_What the exercise asks_: Only the lines from the one with "钻石王牌 - 第30卷 - 第49张图" to the end of the listing below should be set down, exactly as written and without any pictures.
----
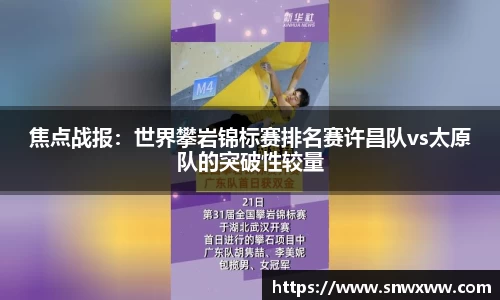 永盈会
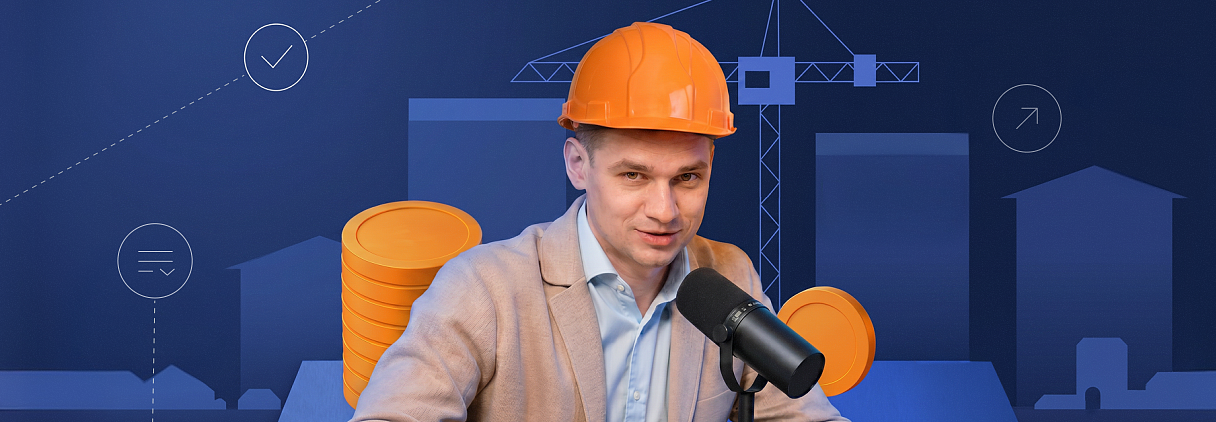 «Снижения цен не будет»: вопрос и ответ о российском рынке недвижимости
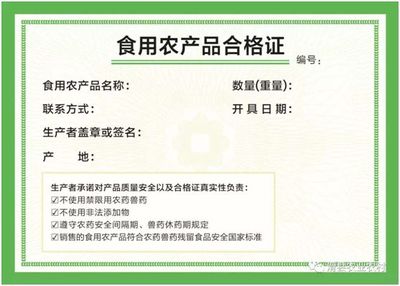 淮陽試行食用農(nóng)產(chǎn)品合格證制度，為“舌尖上的安全”再加碼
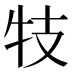 𰠩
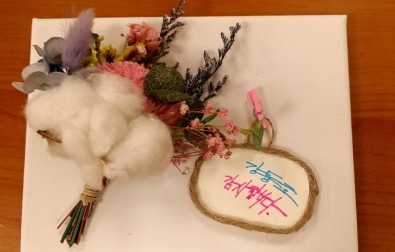 KakaoTalk_20180514_172641108.jpg
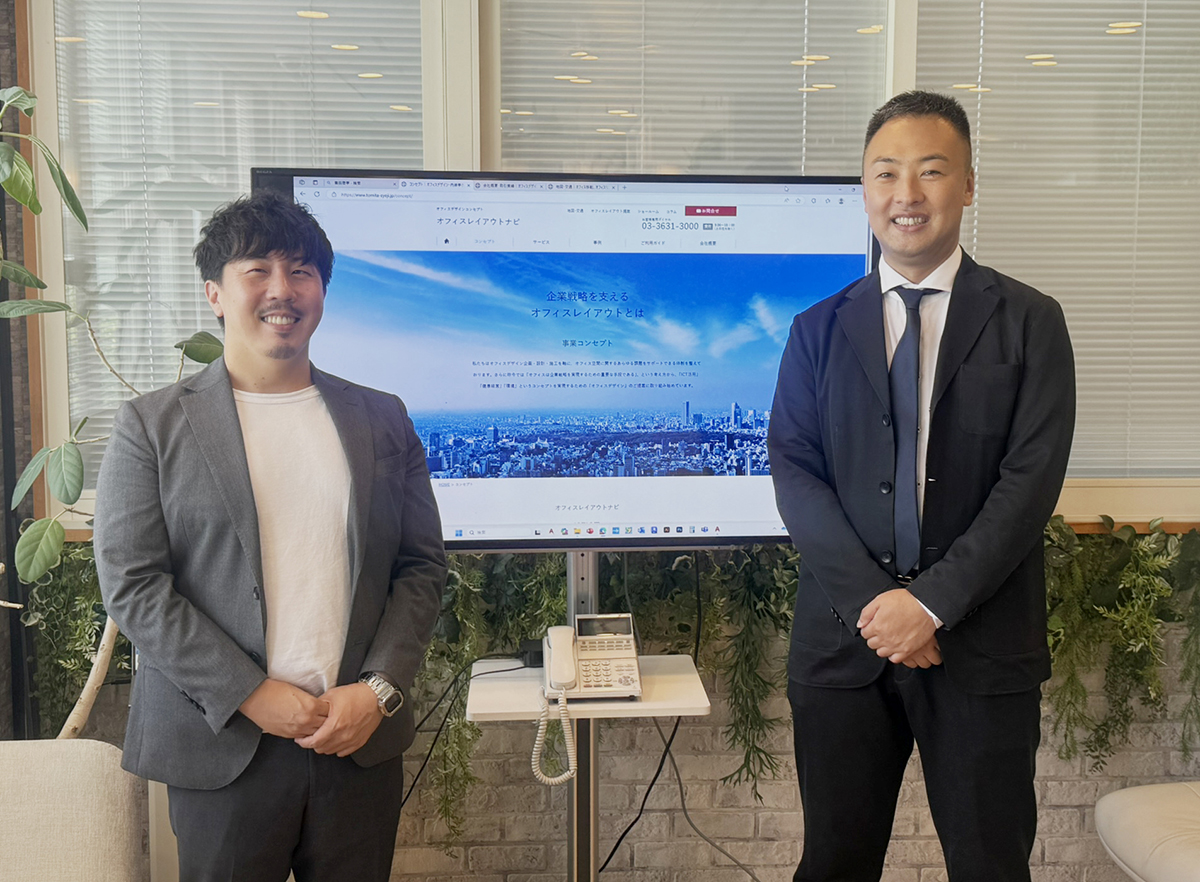 富田商事株式会社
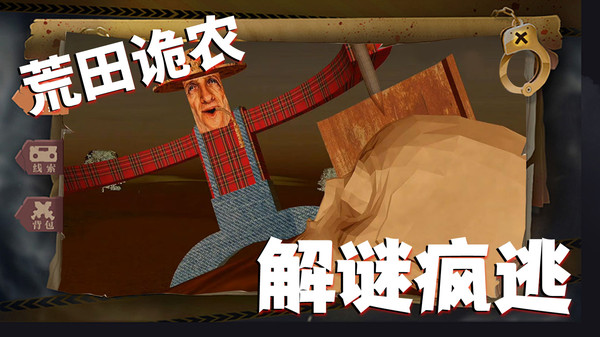 摆烂农场主(图1)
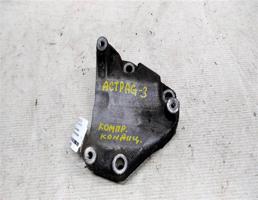Кронштейн компрессора кондиционера для Opel Astra G (1998—2009)  запчасти бу
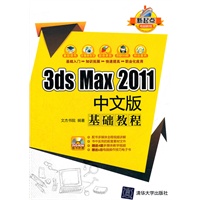 3ds Max 2011中文版基础教程（配光盘）（新起点电脑教程）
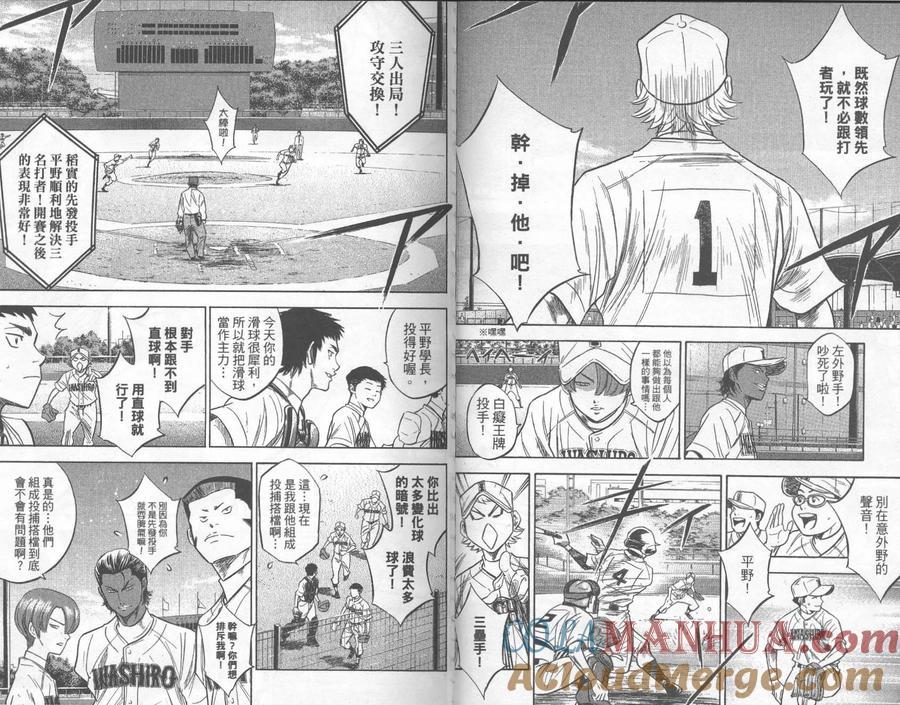 钻石王牌 - 第30卷 - 第49张图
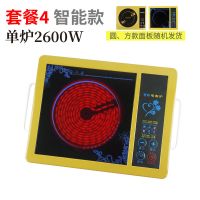 迷你电陶炉家用温控电炉静音2600w光波炉小煮茶炉烧烤不挑锅全钢|套餐4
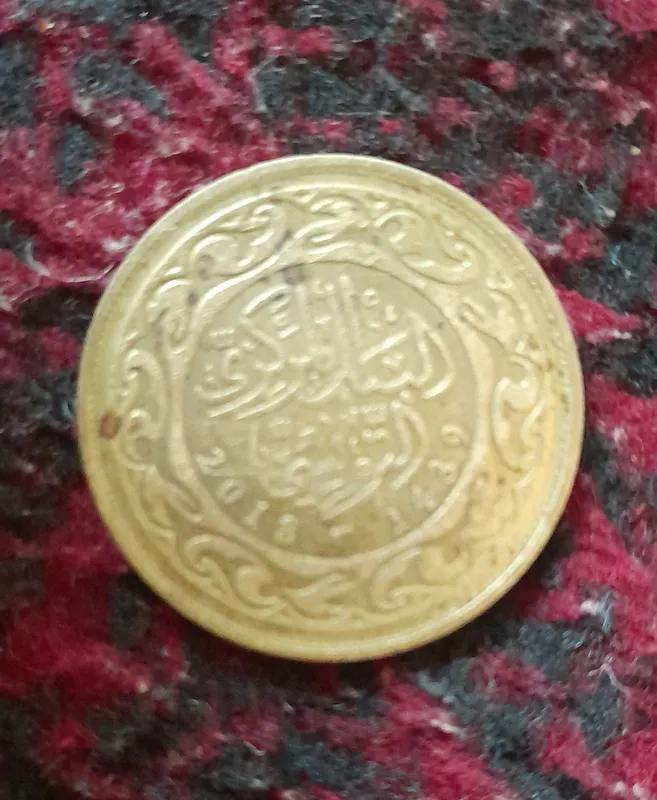 Tunis tangasi 2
----
_Solution_:
 钻石王牌 - 第30卷 - 第49张图
 迷你电陶炉家用温控电炉静音2600w光波炉小煮茶炉烧烤不挑锅全钢|套餐4
 Tunis tangasi 2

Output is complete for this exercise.